Le contrat d’approvisionnement des avions en kérosène serait renouvelé sans adjudication

Dans les milieux judiciaires, on fustige une prolongation de l’accord de gré à gré entre l’État et le consortium chargé du ravitaillement en carburant, en même temps qu’on relève plusieurs failles légales dans certaines de ses clauses.
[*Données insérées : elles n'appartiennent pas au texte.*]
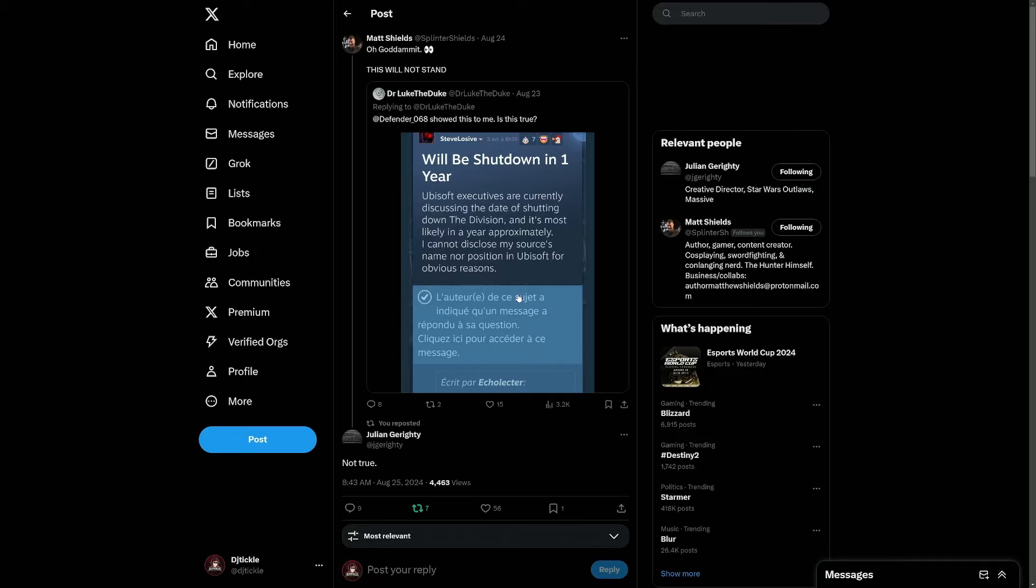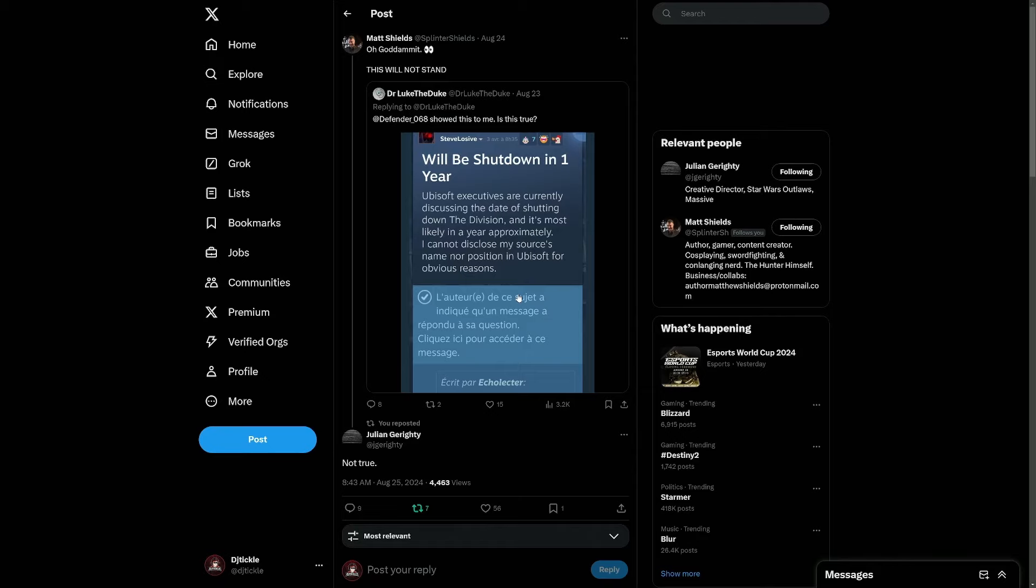Will be shut down in one year. Ubisoft execs are currently discussing the date of shutting down The Division, Division 1 we're talking about here, and it's most likely in a year approximately. I cannot disclose my source's name nor the position in Ubisoft for obvious reasons. So obviously, panic across the Division community.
Le contrat d’approvisionnement des avions en kérosène serait renouvelé sans adjudication

L’aéroport de Beyrouth. Photo d’archives

Les messages d’apaisement que se sont dépêchés de lancer jeudi le ministre des Transports et des Travaux publics, Michel Najjar, et le directeur de l’aéroport de Beyrouth, Fadi el-Hassan, lors d’une conférence de presse conjointe, après une information faisant état de fuites dangereuses de kérosène dans les installations de stockage, ont peut-être rassuré la population quant à l’absence d’un danger d’explosion à l’aéroport. Mais s’ils ont certifié qu’il n’y aura pas de seconde catastrophe – après celle du port le 4 août – qui menacerait la sécurité publique, ils ont toutefois occulté un problème de légalité et de transparence au niveau d’une prolongation envisagée du contrat conclu entre l’État et le consortium (Elf Med) chargé de l’approvisionnement des avions en carburant : sans aucune référence à une adjudication publique, le ministre des Transports et des Travaux publics a annoncé lors de son intervention que le contrat sera prorogé pour permettre à ce groupe de sociétés représenté par son président-directeur général, Maroun Chammas, de procéder aux réparations et au renouvellement des installations défectueuses.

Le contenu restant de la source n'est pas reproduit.